Indeed, while in this work we investigated the impact of uncertainty on learning using a well-established manipulation of environmental volatility, in general (and even in this task) uncertainty also arises from many other parameters of the environment, such as stochasticity (trial-wise outcome variance) (Piray and Daw, 2021). It remains to be seen whether similar results would be observed using other types of manipulations targeting uncertainty. In our task, the outcome variance was held constant, making it difficult to isolate the effects of stochasticity on participants’ subjective experience of uncertainty. The decision to focus on volatility was based on a rich prior literature demonstrating that volatility manipulations are a reliable means to modulate uncertainty in incremental learning (Behrens et al., 2007; Mathys et al., 2011; O’Reilly, 2013; Nassar et al., 2012; Nassar et al., 2010; Browning et al., 2015; Piray and Daw, 2020). Nonetheless, altering outcome variance to capture effects of stochasticity on episodic memory remains a critical avenue for further study. Still other attributes of the learning environment, like valence, have been shown to impact both uncertainty estimation (Aylward et al., 2019; Pulcu and Browning, 2019) and subsequent memory (Rosenbaum et al., 2022; Kensinger, 2004). It remains an open question how the valence of outcomes may impact the effects we observed here.

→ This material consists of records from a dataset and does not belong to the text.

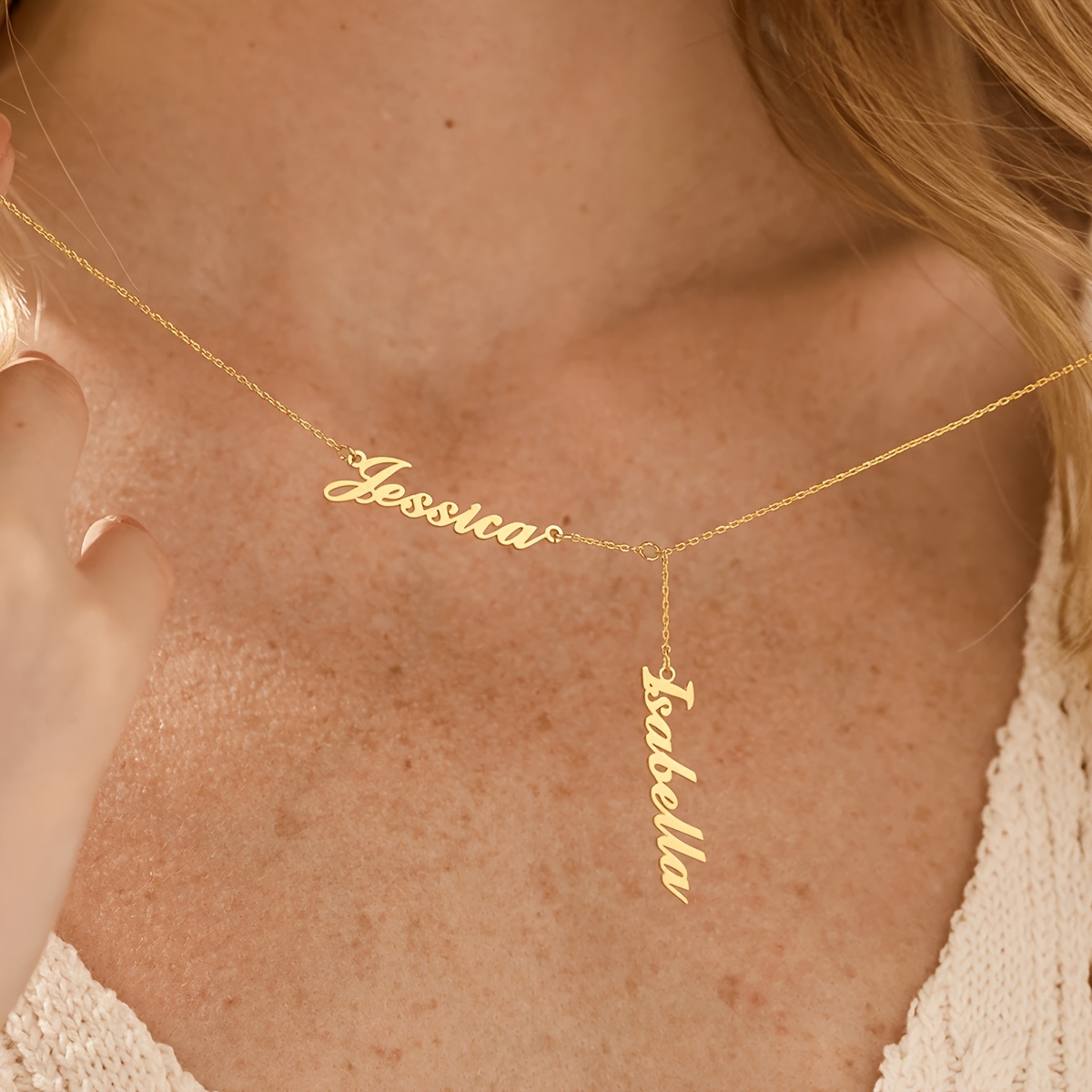 Personalized English Name Pendant Necklace, 18K Plated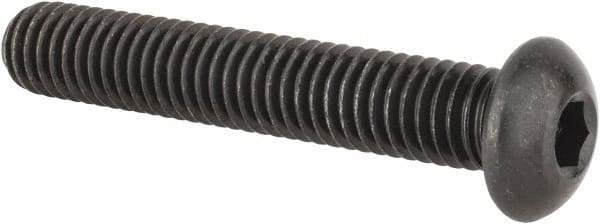 Made in USA - 3/8-16 UNC Hex Socket Drive, Button Screw - Alloy Steel, Black Oxide Finish, Fully Threaded, 2-1/4" Length Under Head - Apex Tool & Supply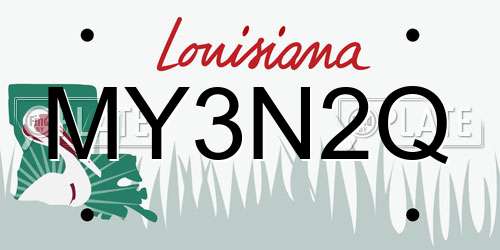 MY3N2Q Louisiana License Plate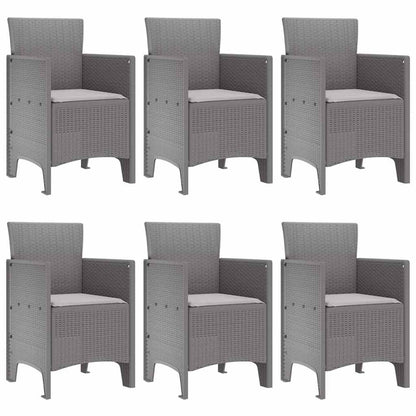 Garden Dining Set 7 pcs Light Grey Polt rattan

Further, another interpretation of this work is that, rather than capturing a tradeoff between multiple memory systems, our task could possibly be accomplished by a single system learning about, and dynamically weighting, independent features. Specifically, here we operationalized incremental learning as learning about a feature shared across multiple events (deck color) and episodic memory as learning about a trial-unique feature (an object that could be repeated once). Shifting attention between these independent features whenever one is less reliable could then yield similar behavior to arbitrating between incremental learning and episodic memory as we have posited here. While a scheme like this is possible, much prior work (Duncan et al., 2019; Lee et al., 2015; Poldrack et al., 2001; Packard and McGaugh, 1996; McDonald and White, 1994; Wimmer et al., 2014) indicates that multiple memory systems (differentiated by numerous other behavioral and neural signatures) are involved in the types of repeated vs. one-shot learning measured here. Further, our subsequent memory findings that individual objects and their associated value were better remembered from putatively episodic choices lend further support to the idea that episodic memory is used throughout the task. Nevertheless, more work is needed to distinguish between these alternatives and verify the connection between our task and other signatures of incremental vs. episodic memory.

For example, while in this study we disadvantaged incremental learning relative to episodic memory, similar predictions about their balance could be made by instead preferentially manipulating episodic memory, for example, through effects such as interference or recency and primacy. Another direction would be to look to the computational literature for additional task circumstances in which there are theoretical benefits to deploying episodic memory, and where incremental learning is generally ill suited, such as in environments that are high dimensional or require planning far into the future (Gershman and Daw, 2017). In principle, the brain can use episodic memory to precisely target individual past experiences in these situations depending on the relevance of their features to decisions in the present. Recent advances in computational neuroscience have, for example, demonstrated that artificial agents endowed with episodic memory are able to exploit its rich representation of past experience to make faster, more effective decisions (Lengyel and Dayan, 2007; Blundell, 2016; Santoro et al., 2016). While here we provided episodic memory as an alternative source of value to be used in the presence of uncertainty about incremental estimates, future studies making use of paradigms tailored more directly toward episodic memory’s assets will help to further elucidate how and when the human brain recruits episodic memory for decisions.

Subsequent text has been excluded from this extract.